Vor kurzem hatten wir einen Fall, bei dem ein Schiff Weizen als Massengut von Frankreich in die Niederlande transportiert hatte und sich beim Löschen herausstellte, dass die Ladung feucht geworden war. Laut dem Empfänger war es nicht möglich, in einem angemessenen Zeitraum eine passende Lösung für die 50 Tonnen feucht gewordener Ladung zu finden und blieb diese im Frachtraum. Letztendlich musste das Schiff tagelang warten, bis es vollständig gelöscht war, was einen erheblichen Betrag an Überliegegeld zur Folge hatte. Der Befrachter behauptete, dass das Schiff keinen Anspruch auf Überliegegeld hat, weil die Verzögerung durch die feuchte Ladung verursacht worden war, die das Schiff geliefert hatte. Im Namen des Schiffseigners stellten wir uns auf den Standpunkt, dass der Empfänger die Pflicht hatte, die Ladung in Empfang zu nehmen und rechtzeitig eine Lösung zu finden, damit Zeitverzug möglichst vermieden werden konnte, und dass die Entgegennahme der Ladung aufgrund des Konnossements mit der Pflicht zur Bezahlung des (Über-)Liegegeldes aufgrund des Befrachtungsvertrages nichts zu tun hatte. Es war unserer Meinung nach nicht recht und billig, dass das Schiff tagelang warten musste, bis die 50 Tonnen feuchte Ladung gelöscht werden konnten. Zudem war es auch noch so, dass der letztendliche Ladungsschaden geringer war als das Überliegegeld. Zum Glück konnten sich der Eigner und der Befrachter doch noch auf eine geschäftliche Lösung für die beschädigte Ladung einigen.

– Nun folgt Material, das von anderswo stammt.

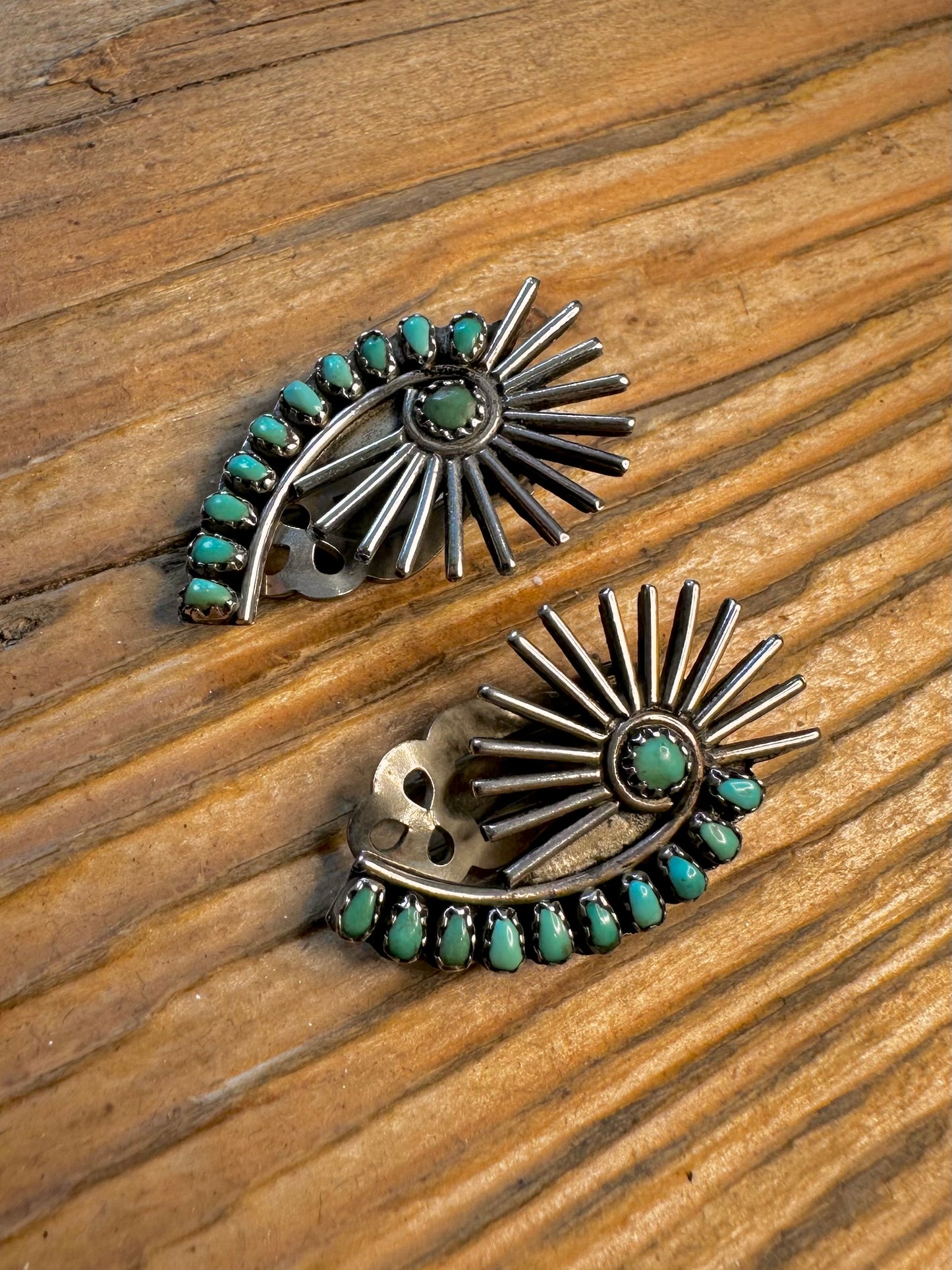 Native American Zuni 1960’s Turquoise Sunburst Clip On PAT 196452 Silver Earrings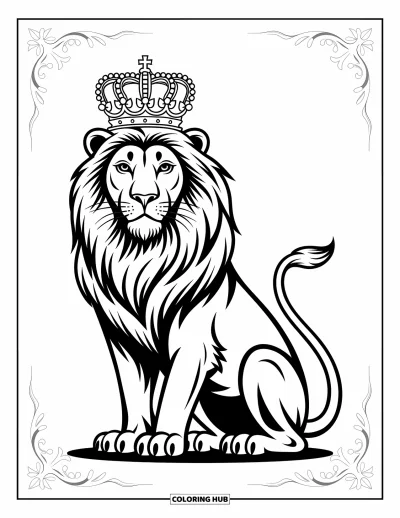 Coloriage de lion pour enfants : Un lion à grande couronne veille sur son royaume avec une confiance tranquille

Zusammenfassend kann gesagt werden, dass es sich bei einer Forderung im Zusammenhang mit Ladungsschaden im Rahmen eines Konnossements um einen anderen Streitgegenstand als bei Überliegegeld im Rahmen eines Befrachtungsvertrages handelt, und zwar auch dann, wenn das Überliegegeld eine Folge des Schadens ist. Es ist nicht recht und billig, dass ein Transportunternehmer seinen Anspruch auf Überliegegeld im Falle von Ladungsschaden vollständig verliert.